Video analysis shows driver plowed through bikers in act of road rage after prior hit and run of motorcyclist
The press chiefly portrayed the September 29th SUV-biker altercation as an instance of an enraged biker gang terrorizing an innocent motorist and his family. Yet eyewitness reports and a closer analysis of the video indicate that the incident was likely initiated, and escalated, by the SUV driver's road rage.

Witnesses report that, prior to the start of the video, the altercation began because the SUV driver threw a water bottle at the group of motorcyclists.

Witnesses further indicate that Lien was impatient and attempted to drive through the group of riders. "The SUV didn't want to wait" said eyewitness Michael Anthony during an interview, "he decided he wanted to come into the center lane and started pushing his way through the bikes". Anthony participated in the ride but was not charged or otherwise involved in the incident.

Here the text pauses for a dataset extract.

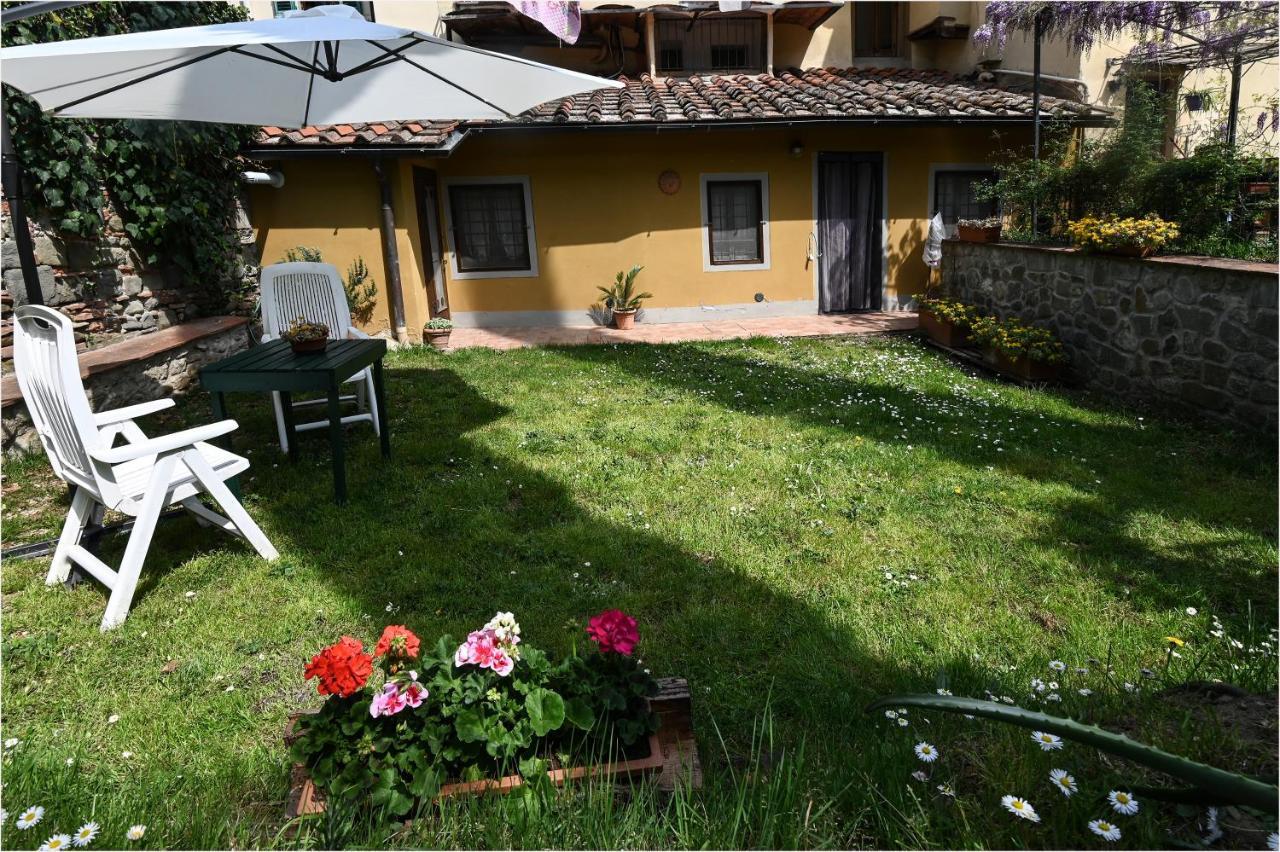 Appartamento I Cipressi Figline Valdarno Exterior foto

At this point Anthony and other witnesses say Alexian Lien, the SUV driver, knocked a biker down three miles prior to the start of the video but continued to drive on after this hit-and-run, refusing to slow down. These incidents are what prompted rider Kevin Bresloff to turn his helmet camera on.

Here’s what Bresloff's now infamous video reveals happened next (which can be viewed at youtu.be/UikE81FKHb0).

At 26 seconds Christopher Cruz, the biker who moved in front of the SUV and slowed down, was struck by the SUV. Cruz was purportedly trying to stop the SUV in response to Lien’s fleeing the scene of the earlier collision. Upon advice of his lawyer, and contrary to the vido evidence, Cruz later states during an ABC News interview that it was never his intention to force Lien's vehicle to a stop and that he was merely changing lanes.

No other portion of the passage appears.